The package allows the user to fit exact Gaussian process models when the observations are Gaussian distributed about the latent function. In the case where the observations are non-Gaussian, the posterior distribution of the latent function is intractable. The package allows for Monte Carlo sampling from the posterior.

The main function of the package is GP, which fits the Gaussian process

gp = GP(x, y, mean, kernel)
gp = GP(x, y, mean, kernel, likelihood)

for Gaussian and non-Gaussian data respectively.

The package has a number of mean, kernel and likelihood functions available. See the documentation for further details.

Inference

The parameters of the model can be estimated by maximizing the log-likelihood (where the latent function is integrated out) using the optimize! function, or in the case of non-Gaussian data, an mcmc function is available, utilizing the Hamiltonian Monte Carlo sampler. In addition to a HMC sampler, it is possible to sample from the posterior using an elliptical slice sampler, provided that the data exhibits a Gaussian likelihood. Finally, for fast, yet approximate inference in the case of Poisson data, a variational approximation can be used to infer the model parameters and latent function values.

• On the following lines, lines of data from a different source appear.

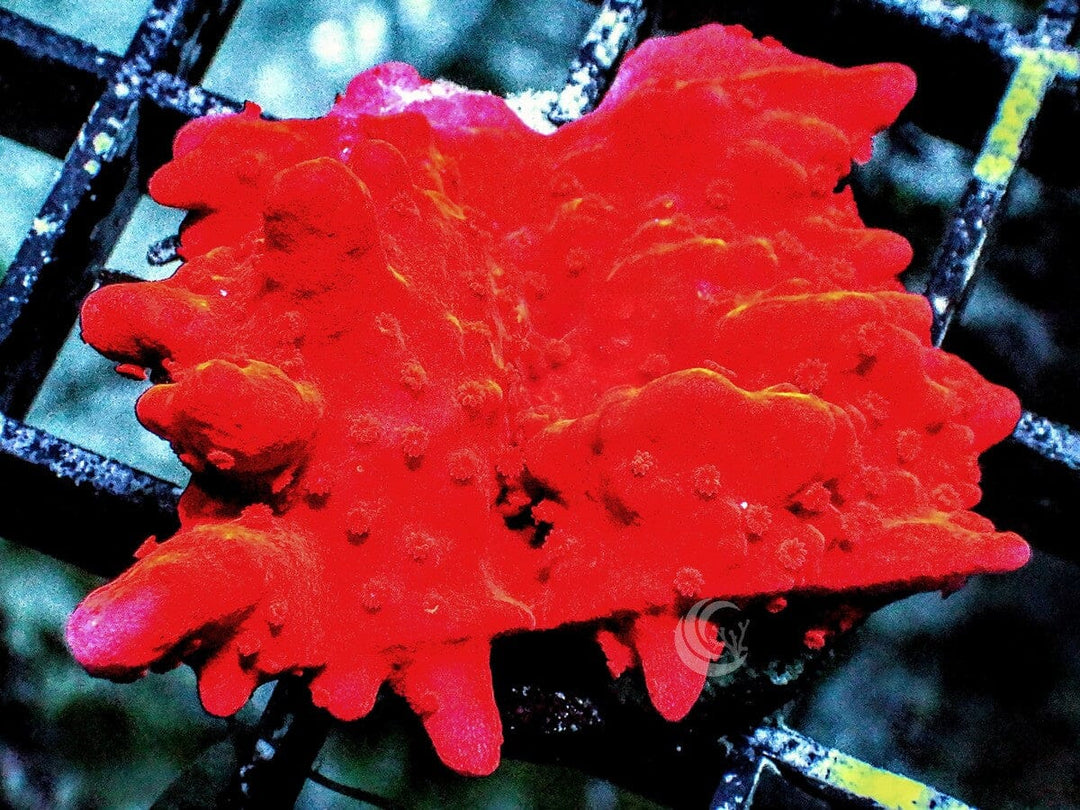 Red Hot Montipora setosa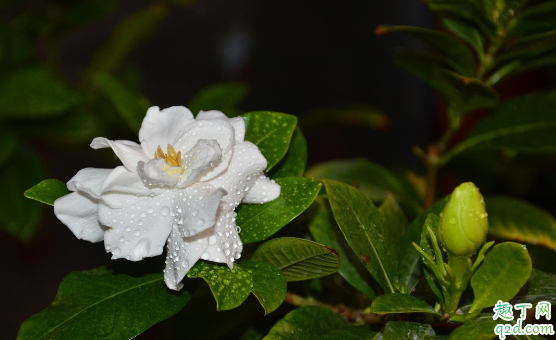 扦插的栀子花容易成活吗 栀子花扦插需要注意什么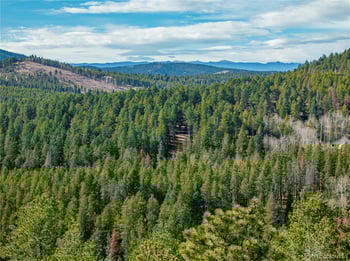 Lot 14X Wallace Ave, Conifer, CO 80433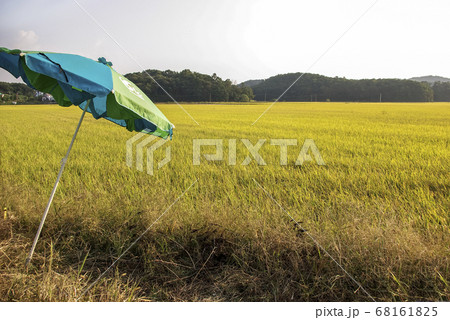 風景 秋 農業 68161825
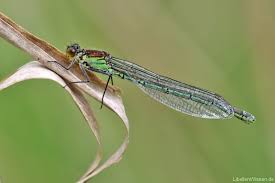 Attēlu rezultāti vaicājumam “Erythromma najas”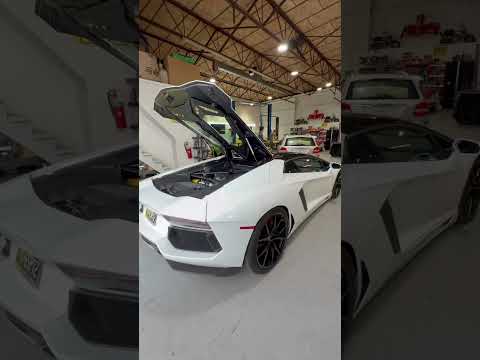 Leia mais sobre o artigo VOCÊ MODIFICARIA UM LAMBORGHINI? #lambo #lamborghinni #aventador #lamborghiniaventador #svj #sv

optimize!(gp)    # Find parameters which maximize the log-likelihood
mcmc(gp)         # Sample from the GP posterior
ess(gp)          # Sample from the GP posterior using an elliptical slice sampler
vi(gp)           # Create a variational approximation

See the notebooks for examples of the functions used in the package.

Documentation

Documentation is accessible in the Julia REPL in help mode. Help mode can be started by typing '?' at the prompt.

julia> ?GP
search: GP GPE GPMC GPBase gperm log1p getpid getproperty MissingException

  GP(x, y, mean::Mean, kernel::Kernel[, logNoise::Float64=-2.0])

  Fit a Gaussian process that is defined by its mean, its kernel, and the
  logarithm logNoise of the standard deviation of its observation noise to a
  set of training points x and y.

  See also: GPE

  ────────────────────────────────────────────────────────────────────────────

  GP(x, y, mean::Mean, kernel::Kernel, lik::Likelihood)

  Fit a Gaussian process that is defined by its mean, its kernel, and its
  likelihood function lik to a set of training points x and y.

  See also: GPA

Alternatively, online documentation and is under development.

Notebooks

Sample code is available from the notebooks.

Related packages

GeoStats - High-performance implementations of geostatistical algorithms for the Julia programming language. This package is in its initial development, and currently only contains Kriging estimation methods. More features will be added as the Julia type system matures.

ScikitLearn

This package also supports the ScikitLearn interface. ScikitLearn provides many tools for machine learning such as hyperparameter tuning and cross-validation. See here for an example of its usage with this package.